[Crawled caption data]
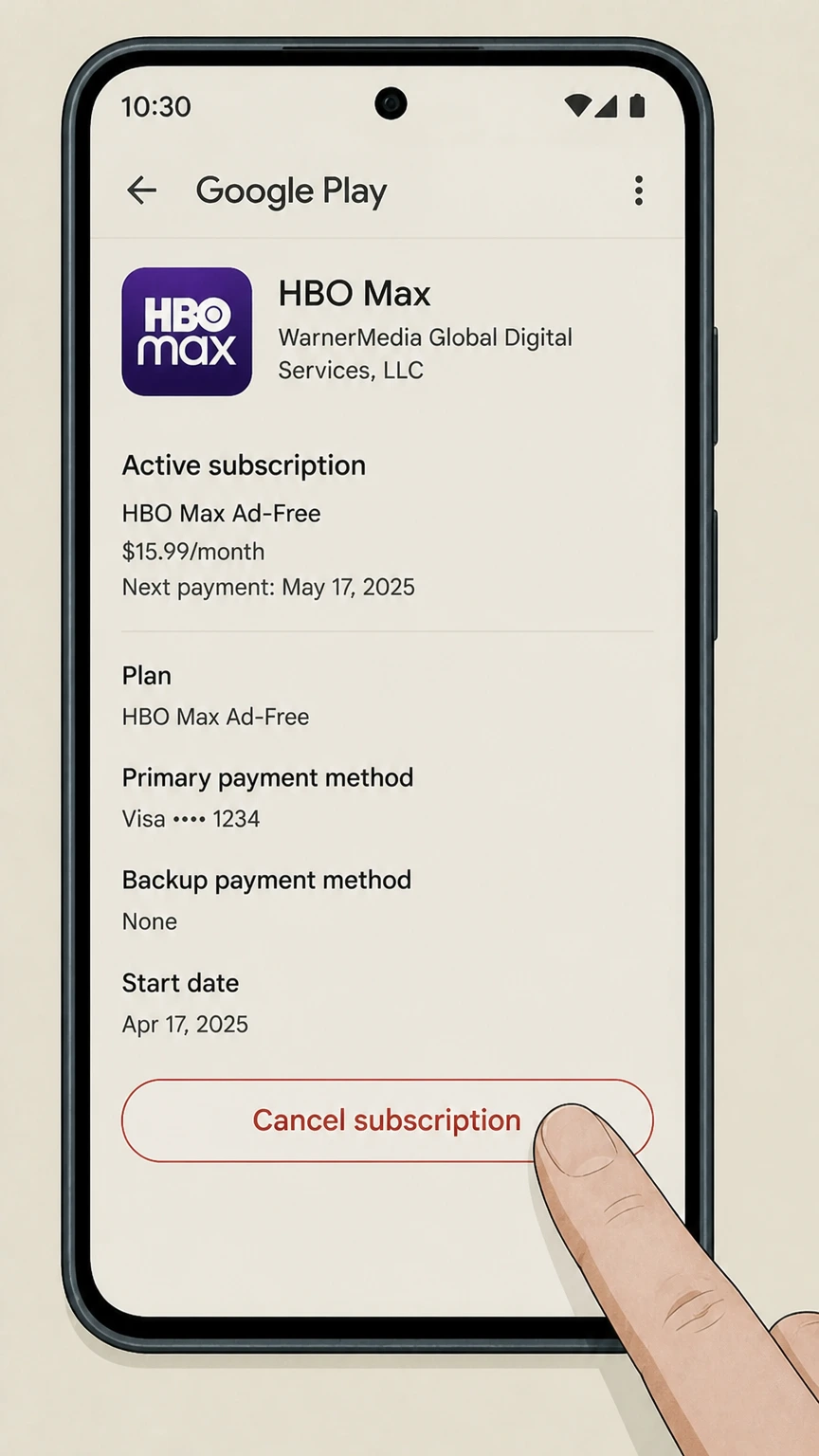 HBO Max google-play cancellation: Choose Cancel subscription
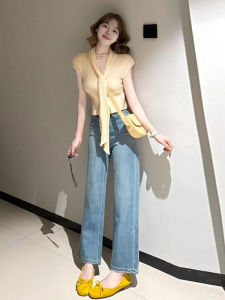 CHANGTONG | เสื้อยืดคอกลมแขนสั้นถักนิตติ้งสไตล์เกาหลีสำหรับผู้หญิงในฤดูร้อน ทรงเข้ารูป สไตล์ทำงาน เสื้อผ้าทำงาน ปกติ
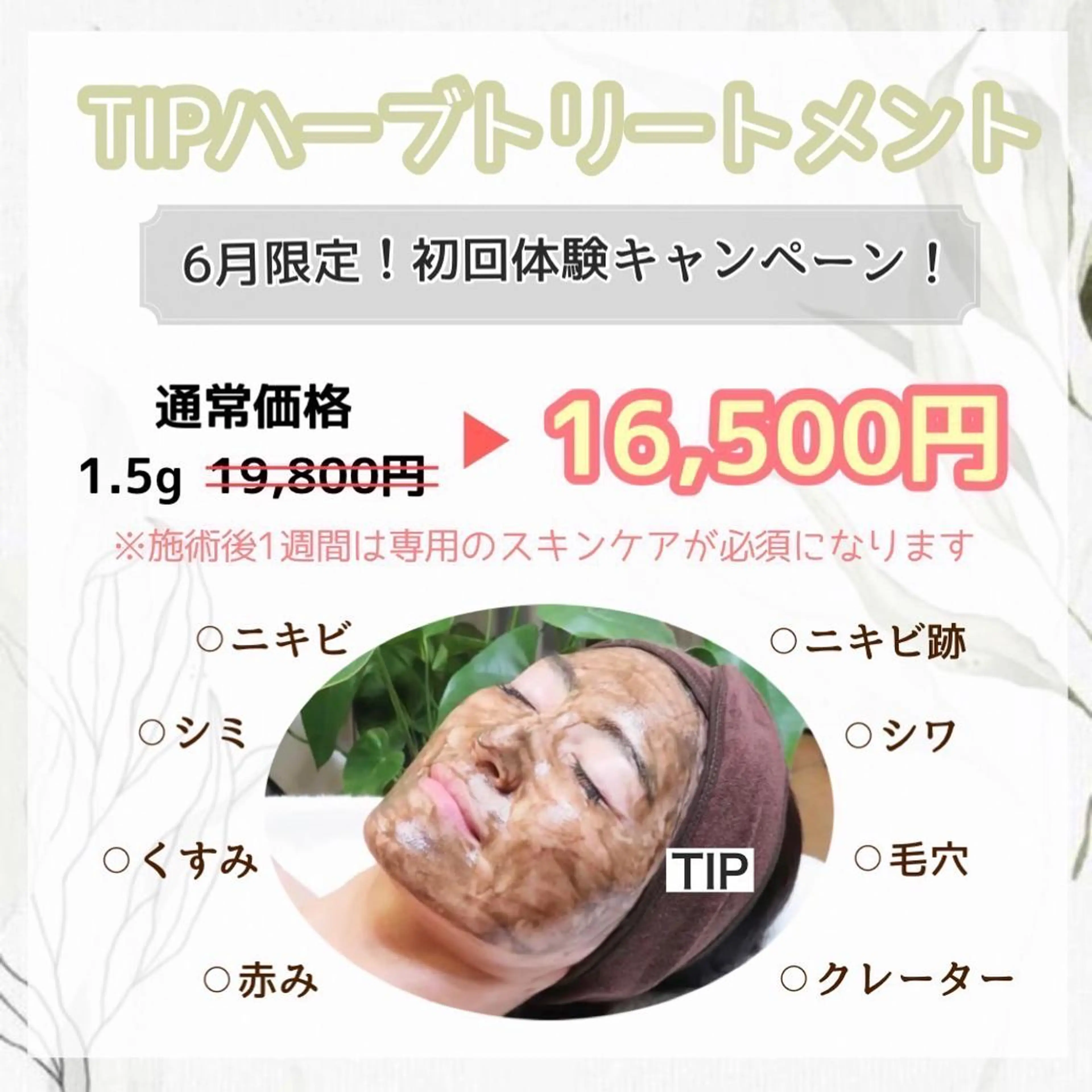 TIPハーブピーリング🌿1.5g初回体験割引🌼ニキビ、ニキビ跡、毛穴改善🔥（60分）の写真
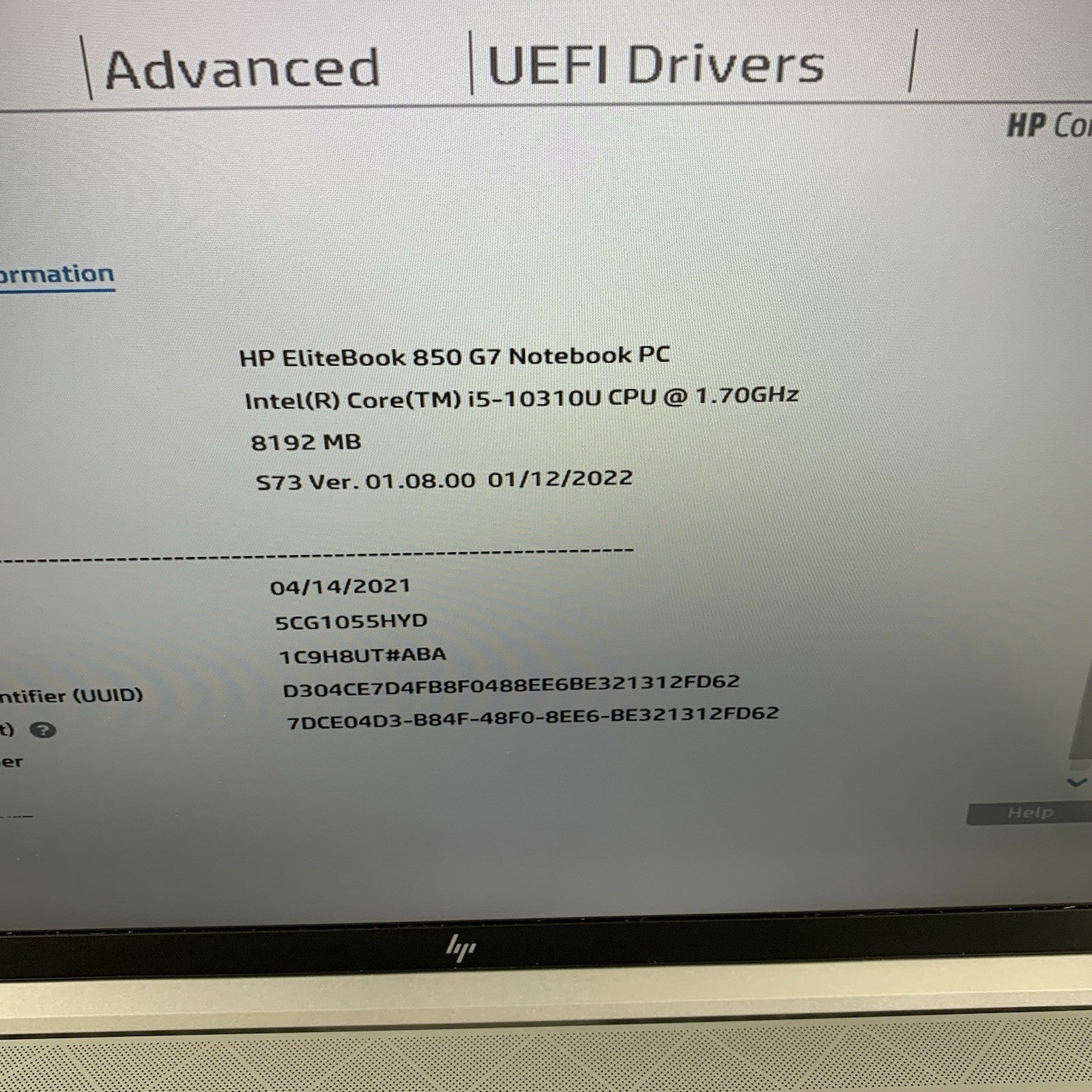 HP EliteBook 850 G7 Laptop 15.6" i5-10310U 1.70 GHz 8 GB RAM No OS/SSD/AC2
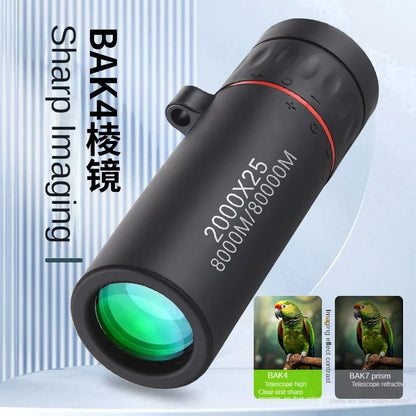 2000x25 HD Monocular Telescope with Mobile Phone Holder for Camping, Birdwatching, and Outdoor Zoom Photography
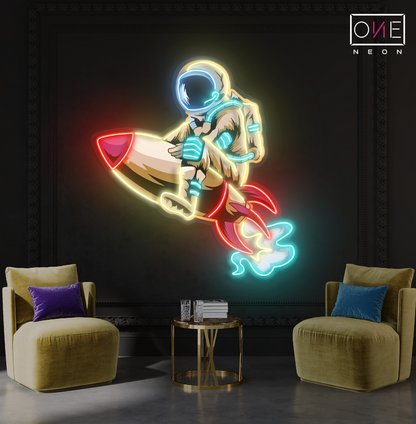 Astronaut Rocket Artwork Led Neon Sign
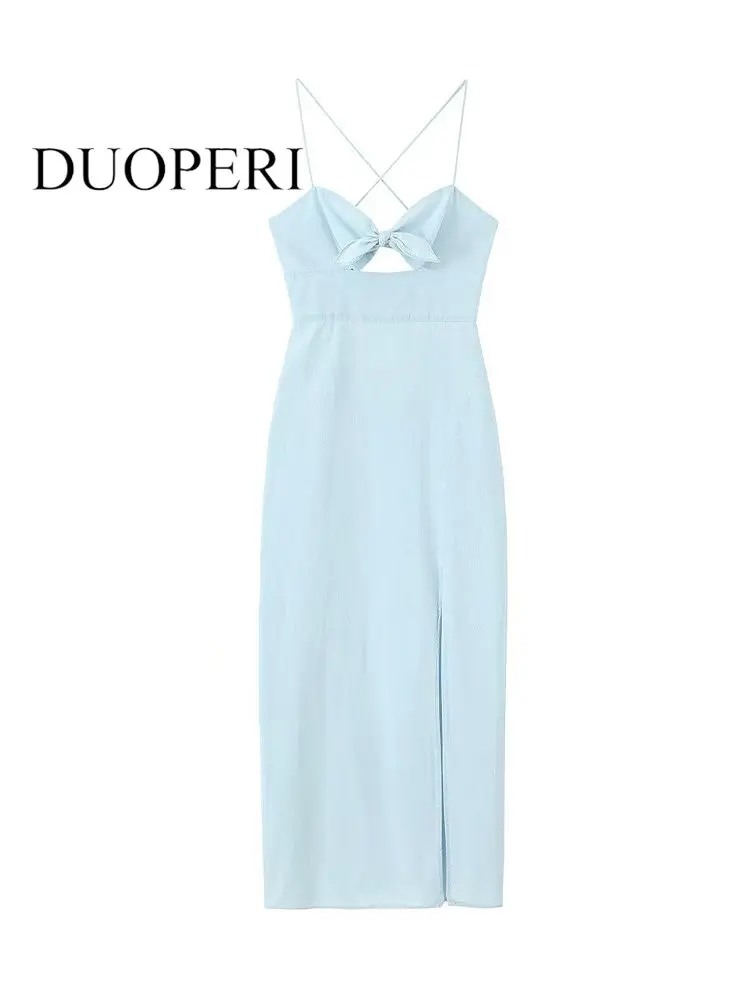 

DUOPERI Women Fashion With Bow Blue Hollow Out Slit Side Zipper Midi Dress Vintage Thin Straps Backless Female Chic Dresses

→ Problem details: In the records above, find the line with "สไตล์ทำงาน เสื้อผ้าทำงาน ปกติ". Print exactly from there through the line with "HP EliteBook 850", minus the pictures.

→ Task output:
 CHANGTONG | เสื้อยืดคอกลมแขนสั้นถักนิตติ้งสไตล์เกาหลีสำหรับผู้หญิงในฤดูร้อน ทรงเข้ารูป สไตล์ทำงาน เสื้อผ้าทำงาน ปกติ
 TIPハーブピーリング🌿1.5g初回体験割引🌼ニキビ、ニキビ跡、毛穴改善🔥（60分）の写真
 HP EliteBook 850 G7 Laptop 15.6" i5-10310U 1.70 GHz 8 GB RAM No OS/SSD/AC2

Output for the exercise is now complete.